Tesla Inc (NASDAQ: TSLA) has been climbing this year. Its’ stock is one of the best performers on Wall Street and made its CEO Elon Musk as the fourth richest man in the world on August 26.
Over the past trading days, Tesla has been moving downward. On Tuesday, the company suffered a 21% decline, the worst trading day in its history. Its stock price closed at $330 per share and during the extended trading it went down further to $324.15 per share.
The company’s market valuation fell by around $82 billion to $307.7 billion. Still, Tesla is more valuable than some of the largest automakers worldwide including Toyota Motor Corporation (NYSE: TM), General Motors Company (NYSE: GM), and Volkswagen AG/ADR (OTCMKTS: VWAGY).
The Bloomberg Billionaires Index showed that Elon Musk’s wealth dropped by $16.3 billion to $82.2 billion as of September 8. He is the sixth richest man in the world.
Several factors contributed to Tesla’s stock plummeting over the past few days including the disclosure of Baillie Gifford that it reduced its stake in the automaker. The UK-based investment management firm is Tesla’s largest shareholder.
Investors were disappointed when Tesla was not included in the S&P 500 Index on Friday. In a note on Tuesday, Baird analyst Ben Kallo wrote, “We think the stock could be under pressure following the delay of S&P 500 inclusion, particularly from investors who bought ahead of the announcement expecting an opportunity to sell to passive funds.”
Investment researcher saysTesla is the most dangerous stock
An investment researcher warned that Tesla is the most dangerous stock on Wall Street.
During a recent interview on CNBC’s Trading Nation on Thursday, New Constructs CEO David Trainer said the automaker’s high price and valuation are not supported by fundamentals. He believes the stock is “one of the biggest of all time houses of card that’s getting ready to fold.”

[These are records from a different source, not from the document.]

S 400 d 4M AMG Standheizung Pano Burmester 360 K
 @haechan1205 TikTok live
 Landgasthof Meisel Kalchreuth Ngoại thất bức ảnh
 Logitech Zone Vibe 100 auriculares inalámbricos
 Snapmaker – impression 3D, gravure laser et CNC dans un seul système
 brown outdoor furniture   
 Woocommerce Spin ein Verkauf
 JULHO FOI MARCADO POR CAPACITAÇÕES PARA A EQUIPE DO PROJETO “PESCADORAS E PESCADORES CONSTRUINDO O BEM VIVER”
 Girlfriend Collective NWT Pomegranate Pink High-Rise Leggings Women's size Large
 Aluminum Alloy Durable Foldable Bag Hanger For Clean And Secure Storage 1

Trainer explained, “Whatever best-case scenario you want to paint for what Tesla’s going to do— whether they’re going to produce 30 million cars within the next 10 years, and get in the insurance business and have the same high margins as Toyota, the most efficient car company with the scale of all-time – even if you do believe all that is true, the stock price is still implying that profits are going to be even bigger than that.”
Additionally, he added that the automaker’s recent stock split is “inconsequential to value.” He sees it as “way lure more unsuspecting, less sophisticated traders into just trying to chase this stock up and that is not a real strategy.”
Furthermore, Trainer believes that Tesla’s real valuation is significantly lower than its current level. According to him, “I think around a 10th of what it is probably appropriate” based on “reasonable level of profits,”
“Tesla doesn’t rank in the top 10 in market share or car sales in Europe for EVs and that’s because the laws changed in Europe that have strongly incentivized the incumbent manufacturers to crank up hybrids and electric vehicles. The same is coming to the United States. I think realistically we’re talking about something closer to $50, not $500, as a real value,” he said.